Data provided

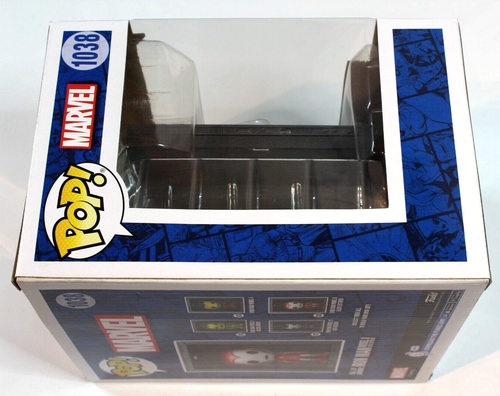 Funko Pop! Hall of Armor Iron Man Model 8 Silver Centurion Figure #1038 Marvel - Picture 5 of 6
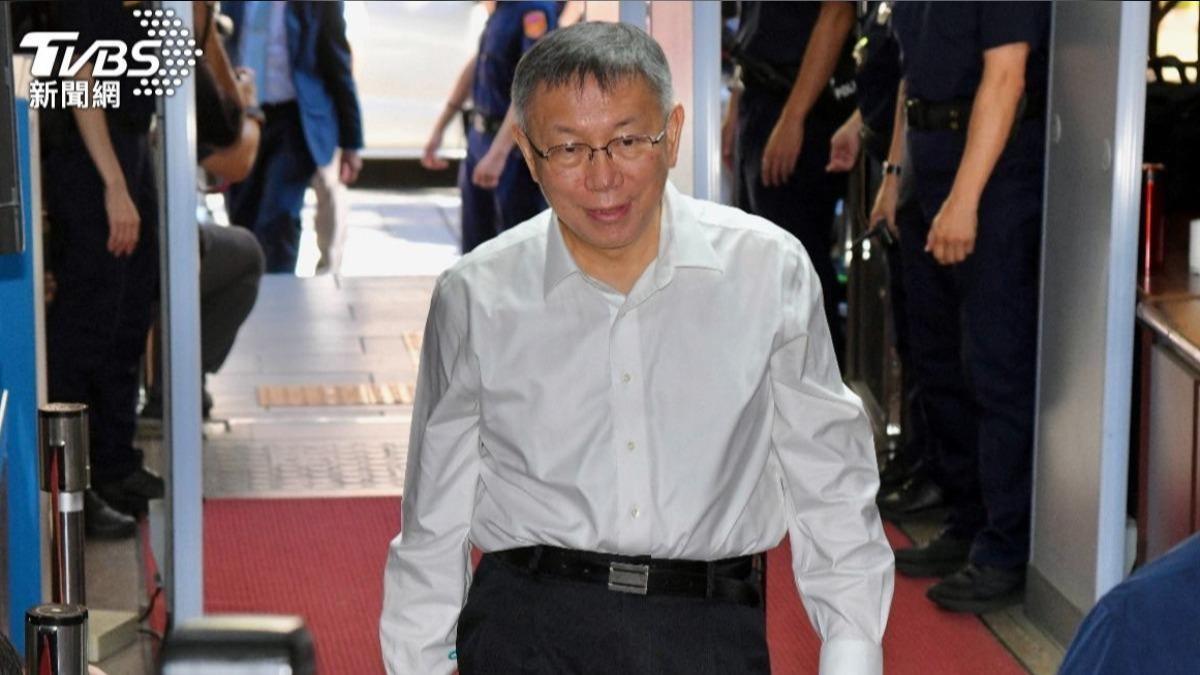 TPP Chairman Ko Wen-je refuses to appeal detention ruling (TVBS News)
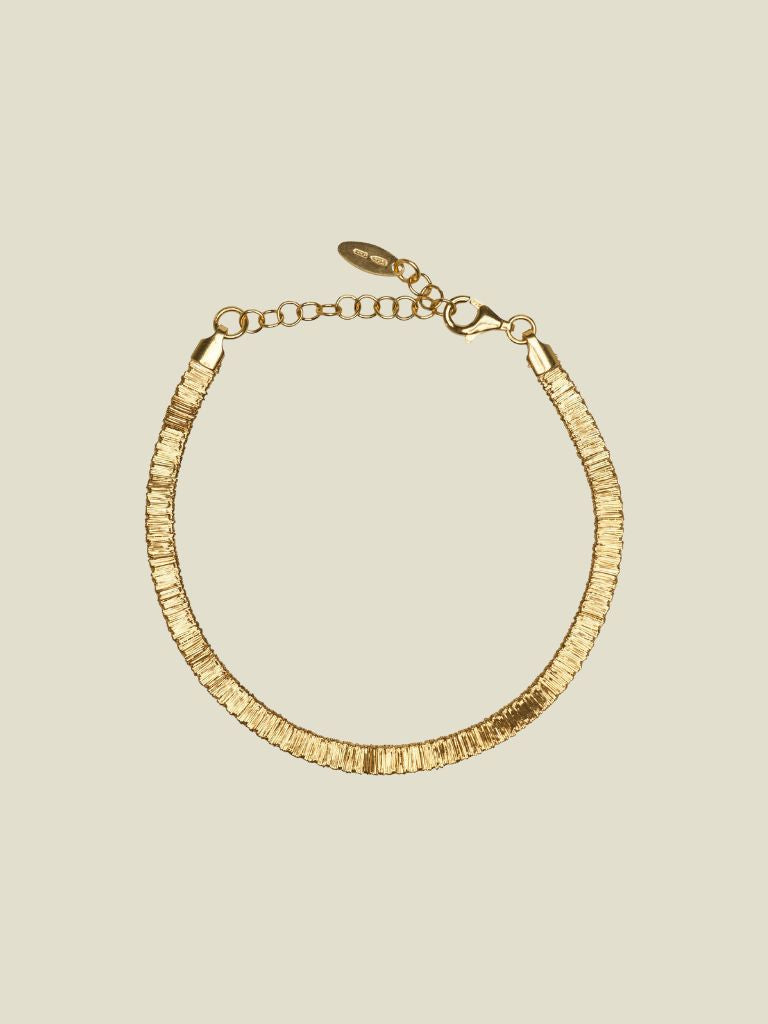 Bracelet Fancy Snake Gold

Your instructions
Return the full listing exactly as written, without any of its images.

Response
 Funko Pop! Hall of Armor Iron Man Model 8 Silver Centurion Figure #1038 Marvel - Picture 5 of 6
 TPP Chairman Ko Wen-je refuses to appeal detention ruling (TVBS News)
 Bracelet Fancy Snake Gold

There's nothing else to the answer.